Even before the flight--a 215-mile hop to Nantes--27-year-old Jacqueline was on her way to becoming a flying folk heroine. French newspapers endlessly told how the pretty pioneer,* charmed by the tales of Aviator-Author Antoine de St. Exupery, worked in a factory as a teen-ager to pay for glider lessons, later finished at the top of the class in her pilot's exams--only to be turned down by Air France because long flights would be "too tough" for a woman. If a woman at the controls seemed odd to Air France, it did not to Air Inter, the fast-growing outfit that hired Jacqueline last May, and had her well up in a public-relations orbit before her first flight.

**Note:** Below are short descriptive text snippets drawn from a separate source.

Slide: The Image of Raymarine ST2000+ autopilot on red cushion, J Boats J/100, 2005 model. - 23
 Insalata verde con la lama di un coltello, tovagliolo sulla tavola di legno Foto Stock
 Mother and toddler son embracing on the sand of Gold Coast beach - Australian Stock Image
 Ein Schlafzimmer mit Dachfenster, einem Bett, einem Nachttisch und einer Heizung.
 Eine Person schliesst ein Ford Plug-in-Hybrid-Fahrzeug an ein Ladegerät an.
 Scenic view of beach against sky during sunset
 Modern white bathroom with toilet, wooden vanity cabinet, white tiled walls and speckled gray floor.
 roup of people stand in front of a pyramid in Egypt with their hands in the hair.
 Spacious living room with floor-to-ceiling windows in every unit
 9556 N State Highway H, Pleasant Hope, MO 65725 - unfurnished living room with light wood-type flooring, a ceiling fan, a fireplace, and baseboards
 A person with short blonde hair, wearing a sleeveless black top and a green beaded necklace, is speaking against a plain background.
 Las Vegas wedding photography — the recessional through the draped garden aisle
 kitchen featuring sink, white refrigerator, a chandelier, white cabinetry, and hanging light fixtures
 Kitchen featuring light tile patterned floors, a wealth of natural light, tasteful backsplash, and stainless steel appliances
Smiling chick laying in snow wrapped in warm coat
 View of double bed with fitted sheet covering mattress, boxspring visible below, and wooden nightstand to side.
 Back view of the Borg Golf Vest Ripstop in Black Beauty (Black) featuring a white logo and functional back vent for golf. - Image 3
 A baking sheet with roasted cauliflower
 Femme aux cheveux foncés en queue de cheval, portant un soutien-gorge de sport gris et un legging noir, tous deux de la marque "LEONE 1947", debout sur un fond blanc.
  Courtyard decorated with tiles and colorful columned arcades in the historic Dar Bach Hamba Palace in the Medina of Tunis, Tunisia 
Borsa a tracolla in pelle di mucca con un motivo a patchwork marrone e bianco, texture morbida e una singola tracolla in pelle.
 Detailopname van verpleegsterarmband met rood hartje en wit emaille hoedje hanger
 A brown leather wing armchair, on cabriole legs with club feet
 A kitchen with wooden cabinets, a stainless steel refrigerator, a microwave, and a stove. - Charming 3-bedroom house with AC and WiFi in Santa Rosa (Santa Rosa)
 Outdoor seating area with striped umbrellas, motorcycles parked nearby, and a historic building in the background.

Le Figaro & Fruit Juice. As a government-owned counterpart of huge, foreign-flying Air France, Air Inter began operating in 1960 as France's first and only domestic airline. "Why bother?" asked many Frenchmen, accustomed to zipping along France's long, poplar-lined roads at Citroen speed--80 m.p.h. and upward. Air Inter soon proved why. Cramming passengers into mini-bucket seats, and serving only Le Figaro and fruit juice in flight, the line carried 16,000 passengers in its first year, passed 500,000 in 1964, reached 1,170,000 last year. It started with a handful of chartered planes and a staff of ten, now has 23 aircraft of its own, including five jet Caravelles, and 1,370 employees.
Air Inter will give up its modest $800,000 annual subsidy at year's end --but not its Gallic formula for a large income: outrageously high fares. Officially, the line excuses them on the ground that high fuel costs help run operating expenses 30% above those of similar, U.S. airlines. Privately, one Air Inter staffer frankly admits that "80% of our passengers are businessmen. They don't care what the fare is --it's the company that pays."
If customers find that a pretty pilot makes those stiff fares easier to swallow, Air Inter presumably will not mind. But Rear Admiral Paul Hebrard, a retired naval aviator who is Air Inter's chairman, insists that Mlle. Dubut is aboard only because the airline has now outgrown its supply of males. "Her record was faultless. There was no reason not to hire her," he says. Not content to leave well enough alone, the admiral makes the ridiculous claim: "She must also be considered not as a girl, but as a boy."
* There are fewer than half a dozen others flying for scheduled airlines elsewhere in the world, none in the U.S.